You can see both codes here (I’ve printed the detail of the GPU I used to make sure):
- Colab K80: Google Colab
- Gradient P6000: Paperspace Console
for convenience I show some parts of the code here:
The Model:
class Net(nn.Module):
def __init__(self):
super(Net, self).__init__()
self.conv1 = nn.Conv2d(3, 16, kernel_size=4, stride=1, padding=0)
self.pool = nn.MaxPool2d(kernel_size=3, stride=2, padding=0)
self.conv2 = nn.Conv2d(16, 32, kernel_size=3, stride=1, padding=0)
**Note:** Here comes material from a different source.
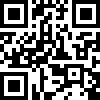 https://imna.ir/x7dCt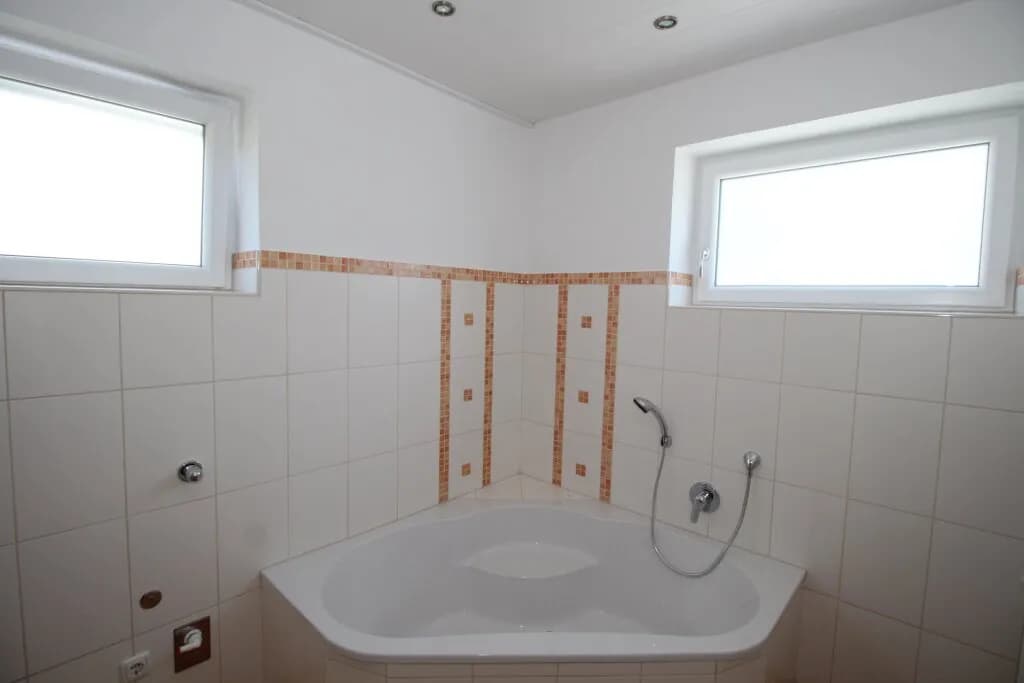 Gewerbeimmobilie kaufen in Urfahr-Umgebung – 258 m², € 748.000 – Bild 23 von 31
self.fc1 = nn.Linear(39200, 512)
self.fc2 = nn.Linear(512, 5)
self.do = nn.Dropout()
def forward(self, x):
x = self.pool(F.relu(self.conv1(x)))
x = self.pool(F.relu(self.conv2(x)))
x = x.reshape(x.shape[0], -1)
x = self.do(F.relu(self.fc1(x)))
x = self.fc2(x)
return x
The Training Loop:
import time
s = time.time()
model.train()
for i in range(epoch):
total_loss = 0
total_sample = 0
total_correct = 0
for image, label in trainloaders:
image = image.to('cuda')
label = label.to('cuda')
out = model(image)
loss = criterion(out, label)
optimizer.zero_grad()
loss.backward()
optimizer.step()
total_loss += loss.item()
total_sample += len(label)
total_correct += torch.sum(torch.max(out,1)[1]==label).item()*1.0
print(f"epoch {i} loss:{total_loss/total_sample} acc:{total_correct/total_sample}")
e = time.time() # TRAINING TIME
print(e-s)
as far as I know, P6000 has better performance than K80, but when I measure the model training time using the code above, it shows that K80 only needs ~110s to train the model for 20 epochs, while P6000 needs ~140s (you can see the output in the code above).
I’ve run the code several times, restarted the kernel, or run another day but it always shows similar result. I’ve also tried using torch.cuda.synchronize()
but the result is still the same.
I realize it only happens in my PyTorch Code, when I use Tensorflow, P6000 much faster than K80
Why did it happen?